It’s just data

A New Butler For Jonas

It has been two weeks since Jonas Luster fired his butler.  The primary reason cited was gross insubordination — an unwillingness on the part of the butler do as he was asked.  Perhaps the fact that the butler doesn’t help with of Jonas’s real needs — the ones behind the statement I am busy still trying to sift through all those advertisements — was also a factor.

On the surface, it seems that Google’s AutoLink meets the letter of each of Yoz’s three rules for determining if such a tool is within the spirit of the Web.  However, upon closer examination, it turns out that there may be some wiggle room in the first rule.  Today the Google Toolbar for Internet Explorer is closed source.  The skills and techniques for creating such a thing are well beyond the abilities of most users.  Heck, they are black magic to most seasoned programmers.

Simply put, if you can’t see the definition (and furthermore don’t trust the author to the point of being willing to write what amounts to a blank check), then how can a closed source toolbar ever pass the “completely understood” test?

What if such a tool were open source?  Furthermore, suppose the tool were well commented, and structured in such a way that people who have even the most tenuous grasp on the concepts of HTML could reasonably modify it to remove the links and content that they don’t want, and add or reorder the links that they do want?

Today Mark Pilgrim made available a new butler that is all this and more.  Made available under the GPL.  Share and enjoy.

Now, Jonas, would you fire this butler too?


That’s a very nice application of evil genius.

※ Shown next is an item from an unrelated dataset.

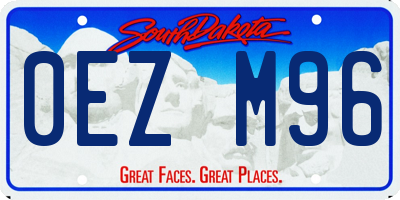 SD license plate 0EZM96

Posted by Rogers Cadenhead at

Mark’s Butler is a nice little app — much more useful than the Google Toolbar.

Shame it fails rule #2.

Posted by Billy at

Why is Mark not announcing this himself?

It seems to me that if you’ve publicly retired from blogging, you shouldn’t then privately slip out sly jabs by backchannel.

Or is that just me?

Posted by James Kew at

Stipping google adds seems to be a popular use for greasemonkey!

@Kew
It would seem to me that if you retire from blogging does not imply that you retire from computing. Now is he responsible for other people’s blog posts ?

Posted by Darryl at

Sam: Thanks for the link. I note you italicised my phrase “within the spirit of the web”. I can’t tell whether you mean it earnestly or sarcastically, but either is fine, as the phrase sucks. I was feebly groping around for a phrase to communicate my concept of “validity” on this topic, and haven’t been bothered to come up with a better one. If anyone else has an easy one that springs to mind, please leave it in the comments on that entry.

Billy: You appear to be right. However, I think this is mostly due to unclear writing on my part rather than malice on Mark’s. I will endeavour to rewrite and clarify later on tonight unless I... ooh, something shiny.

Posted by Yoz at

Yoz: Actually, I wasn’t trying to imply malice. It really is a nifty hack — I have no use for it, but I can see where others might. Sam seemed to be saying that, if we use your rules as a baseline, Butler is analogous to AutoLink only better because the GPL makes it more compatible with rule #1. My point was the analogy doesn’t hold because Butler fails rule #2 — it’s on automatically from the time you install it. I have no doubt that Mark could fix that in about five minutes.

Even if he did, I don’t think Sam’s point is valid. Sam asks how a closed source toolbar can pass the “completely understood” test. My question is, if being able to read the code is a requirement for understanding, how can an open source toolbar pass the “completely understood” test for the average user? The answer is, it can’t, and we’ve now redefined rule #1 so that, for the average user, all content modification is evil.

As far as I’m concerned, neither Butler nor AutoLink is good or evil. They just are. They’re tools, given freely to users to do with as they see fit.

Posted by Billy at

Sam, your flame bait hrefs are broken. They should be “/blog/flamebait.html” instead of “flamebait.html”.

Posted by Gary Burd at

I “announced” Butler on the Greasemonkey script repository, which is linked from the Greasemonkey homepage.  It seemed appropriate at the time; I’m sorry that doesn’t meet with your approval.

Posted by Mark at

Even if he did, I don’t think Sam’s point is valid. Sam asks how a closed source toolbar can pass the “completely understood” test. My question is, if being able to read the code is a requirement for understanding, how can an open source toolbar pass the “completely understood” test for the average user? The answer is, it can’t, and we’ve now redefined rule #1 so that, for the average user, all content modification is evil.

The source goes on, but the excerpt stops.